China's Xi talks culture in France but business prevails
After a day devoted to multi-billion-dollar business deals, Chinese leader Xi Jinping trained his sights on culture and history Thursday on the last day of his lavish visit to France.
Yet business was still the talk of the day at an economic forum on the margins of the three-day state visit, as French Finance Minister Pierre Moscovici called for more Chinese investment in France in a bid to boost jobs and growth.
"Today, the lion has woken up, and it is peaceful, pleasant and civilised," Xi said in a final speech after a trip to the UNESCO headquarters, referring to Napoleon's description of China as a sleeping lion.
French authorities have bent over backwards to woo Xi, giving the Chinese president and his wife Peng Liyuan VIP treatment as the power couple visit France on the 50th anniversary of full diplomatic ties between the two countries.
Road blocks slowed traffic in parts of the French capital and transport authorities closed many subway stations Thursday to avoid any security slips or unwelcome protests against China's much-decried human rights record.
- 'Investments decisive for us' -
French companies are keen to get a bite of the huge Chinese market and Paris also wants investment from the fast-growing Middle Kingdom to flow in.
At the economic forum on Thursday, which took place after Xi and his French counterpart Francois Hollande oversaw the signing of 50 deals worth 18 billion euros ($25 billion), some 500 businesses met as well as Chinese and French ministers.
Chinese Commerce Minister Gao Hucheng called on Paris "to further facilitate Chinese investors setting up (in France) on a legal level", referring to the mammoth red tape that businesses have to go through in France.
He said that in exchange, "China is ready to import more French products" to re-balance trade between the two countries, which is heavily tilted towards China.
Last year, France had a trade deficit with China worth 25.8 billion euros, and Moscovici pointed out that French investment in China was four times higher than Chinese investments in France.
"Chinese investments are decisive for us, we are determined to attract them when they create jobs," he said.
His comments came as the number of jobless in France surged by 0.9 percent in February to a new record of 3.34 million, in what is likely to increase the deep unpopularity of Hollande's government.
The forum was expected to generate many small-scale deals, a day after the multi-billion-dollar contracts signed at the presidency made headlines.
By far the biggest deal Wednesday was a Chinese order for 70 Airbus planes worth more than $10 billion.
Airbus Helicopters and China's Avicopter also announced a deal to jointly produce 1,000 civilian helicopters over 20 years.
Altogether, the two countries signed agreements in areas as varied as the nuclear, financial and automotive sectors.
- Several rights protests -
But business was far from Xi's mind on Thursday as he visited the headquarters of the United Nations Educational, Scientific and Cultural Organisation in Paris and later made a speech at the foreign ministry rich in historical and literary references.

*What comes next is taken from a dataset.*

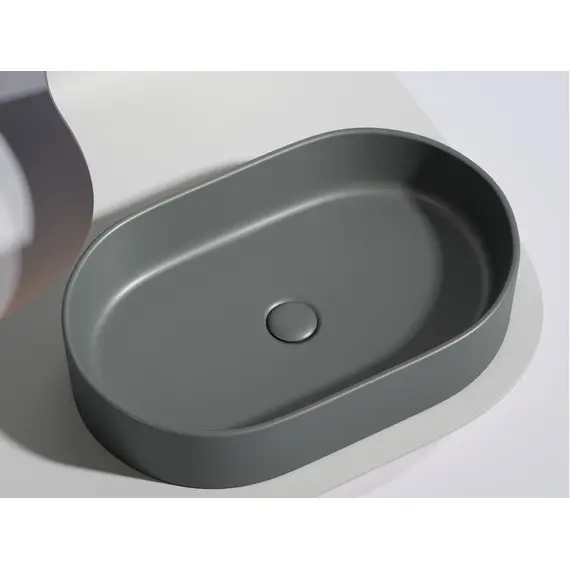 УМЫВАЛЬНИК ЧАША НАКЛАДНАЯ ОВАЛЬНАЯ CERAMICA NOVA ELEMENT 608X385X122 ММ, ТЕМНЫЙ АНТРАЦИТ МАТОВЫЙ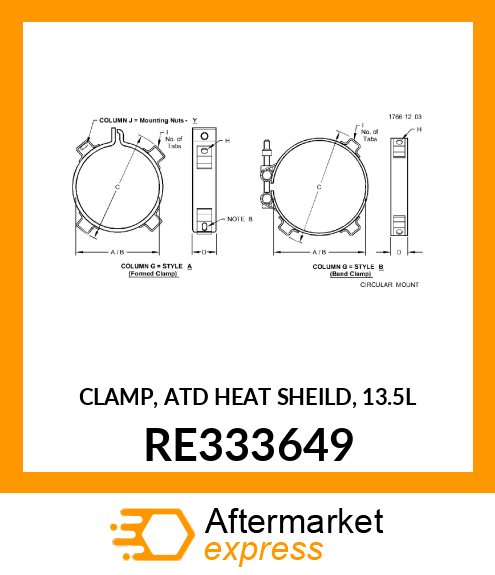 CLAMP, ATD HEAT SHEILD, 13.5L RE333649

"Many leaders of the old generation of the Chinese Communist Party studied in France," he said in his speech marking President Charles De Gaulle's momentous 1964 decision to break ranks with the United States and recognise communist China.
"This is why from a young age I was really interested in French culture, history, philosophy and art."

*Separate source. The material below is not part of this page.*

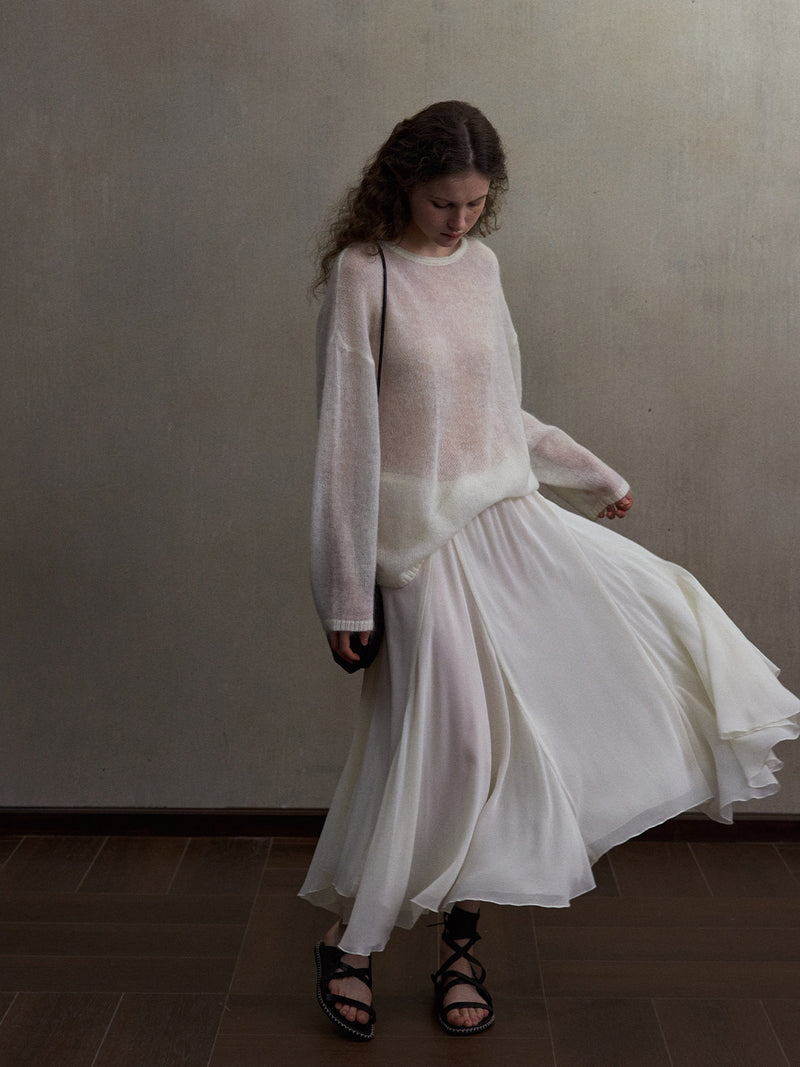 Inkveil Drape Gathered Skirt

He went on to list French author after French author, drawing loud applause from those listening.
"By reading books written by La Fontaine, Balzac, Hugo, Maupassant, I gained a better understanding of human life," he said.
"Characters like Jean Valjean ("Les Miserables"), Quasimodo ("The Hunchback of Notre-Dame")... are solidly anchored in my memory."
The Chinese couple will now travel to the Versailles palace, built by Louis XIV, where they will be treated to a concert and lavish dinner.
The question of rights in China also came to the fore Thursday with some 160 Tibetan exiles staging a rally in Paris, holding up banners such as "Hollande team up with world leaders to save Tibetan lives" and "Wake up United Nations."
Since 2009 about 120 Tibetans have set themselves on fire in China in protests against the authorities, denouncing what they say is an erosion of their religious freedoms and culture and discrimination by the country's Han majority.
Already in the morning, activists from media watchdog Reporters Without Borders unfurled a huge portrait of Xi making an obscene gesture, in a photomontage that carried the slogan: "without freedom of information, no force of opposition."
The Chinese leader is on his first-ever European tour and after visiting The Netherlands and France will head to Germany and Belgium.